DEPARTMENT OF DEFENSE - CONGRESSIONALLY DIRECTED MEDICAL RESEARCH PROGRAMS
Marcie Paul

Photos and text used with permission of
Marcie Paul.

In 2009, Marcie Paul felt a lump in her abdomen. Marcie recalls that it "would be there one day and then gone after a few days, but it was always in the mid-abdominal area, so I immediately thought it was a GI issue." Initially, she suffered from severe abdominal pain, which was presumptively diagnosed as torsion. Her doctor ordered a CAT scan that revealed a tumor. In June 2009, five months after first feeling the mass, she was diagnosed with Stage IIIc ovarian cancer.

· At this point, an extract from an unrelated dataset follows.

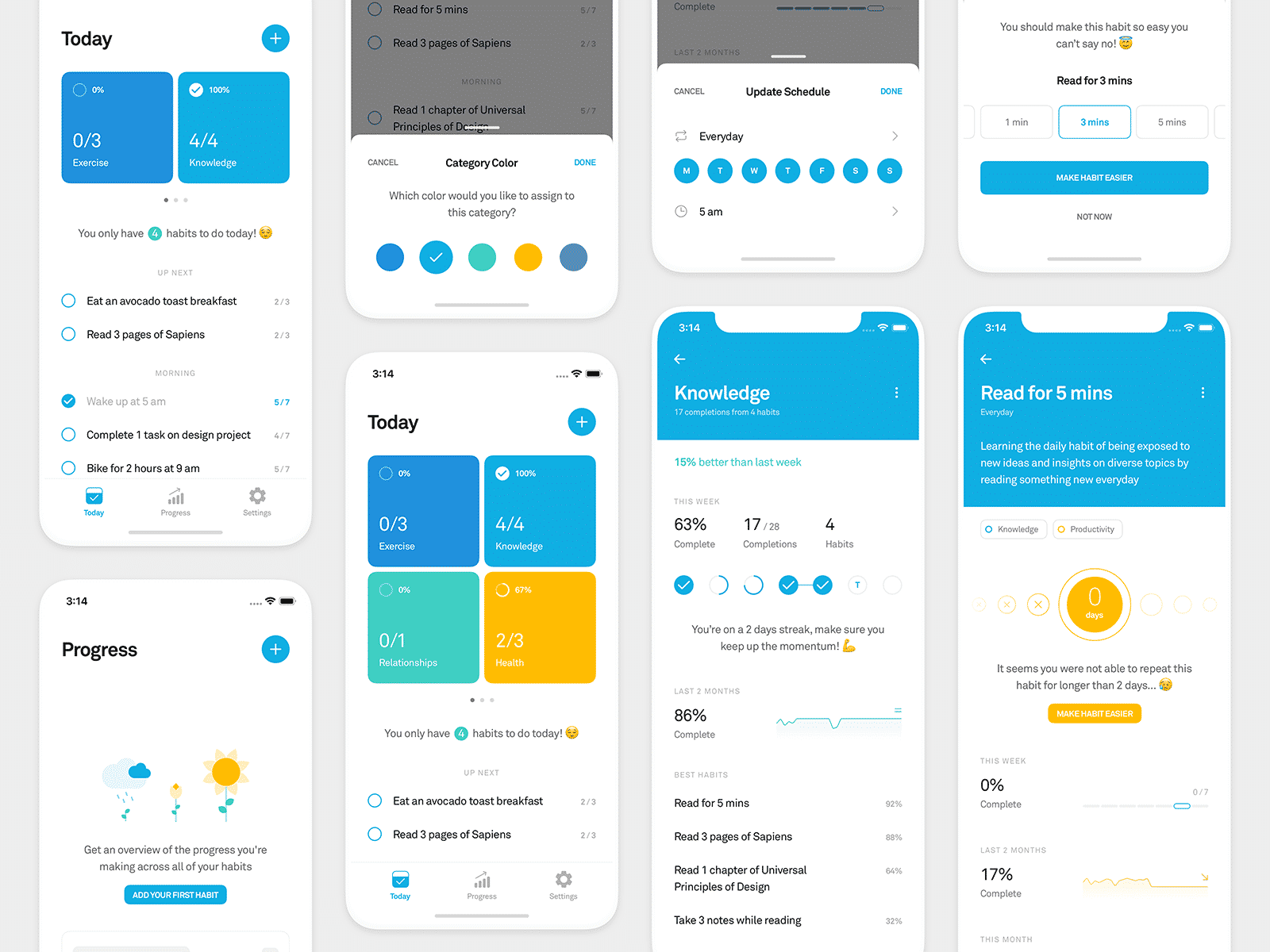 best habit tracking apps for 2019 and beyond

At the time of her diagnosis, Marcie recalls feeling terrified that her 12-year-old daughter might have to grow up without a mother. Nevertheless, Marcie resolved to turn her diagnosis into an opportunity for her daughter to learn something positive from this terrible situation. She realized, "I could not control if I had cancer, but I could control how I had cancer." This proactive attitude led her to the Ovarian Cancer National Alliance (OCNA), where she was instrumental in building a new Partner Member in her state, the Michigan Ovarian Cancer Alliance. She also joined OCNA's Advocacy Leaders and Survivors Teaching Students: Saving Women's Lives® (STS) programs. STS provides an opportunity for future physicians, nurse practitioners, nurses, and physician assistants to hear the stories of ovarian cancer survivors in hopes of one day being able to recognize and diagnose this disease in its earlier, more treatable stages.

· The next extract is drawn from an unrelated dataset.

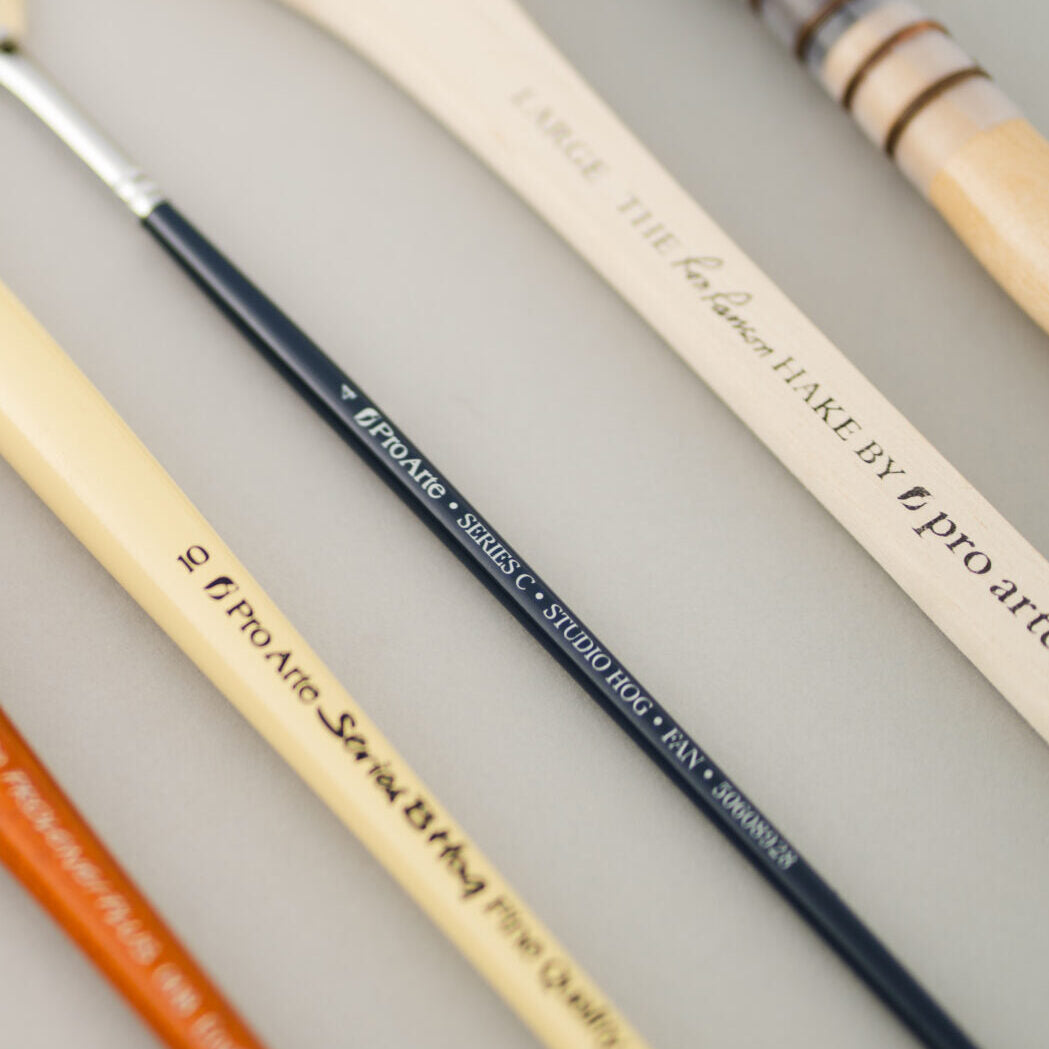 Pro Arte Series C Studio Hog Fan Oil Brush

Marcie learned about the U.S. Department of Defense's Ovarian Cancer Research Program (OCRP) when she was nominated as an FY13 OCRP consumer peer reviewer by OCNA. This opportunity immediately interested her because she firmly believes that OCRP's mission is highly impactful. Marcie describes herself as honored to be working with the OCRP and truly humbled by the opportunity to play a vital part in this lifesaving work. She feels that reviewing research applications is intellectually challenging and stimulates parts of her mind that she rarely taps into during her general advocacy and community outreach activities. She also gets a kick out of telling her friends that she reviews scientific research for the Army because it clearly contrasts with her professional career in advertising and design. The reality that ovarian cancer survival rates are so low and have not significantly improved since the "War on Cancer" was declared over 40 years ago motivates Marcie to persevere through the sizeable volume of assigned research applications.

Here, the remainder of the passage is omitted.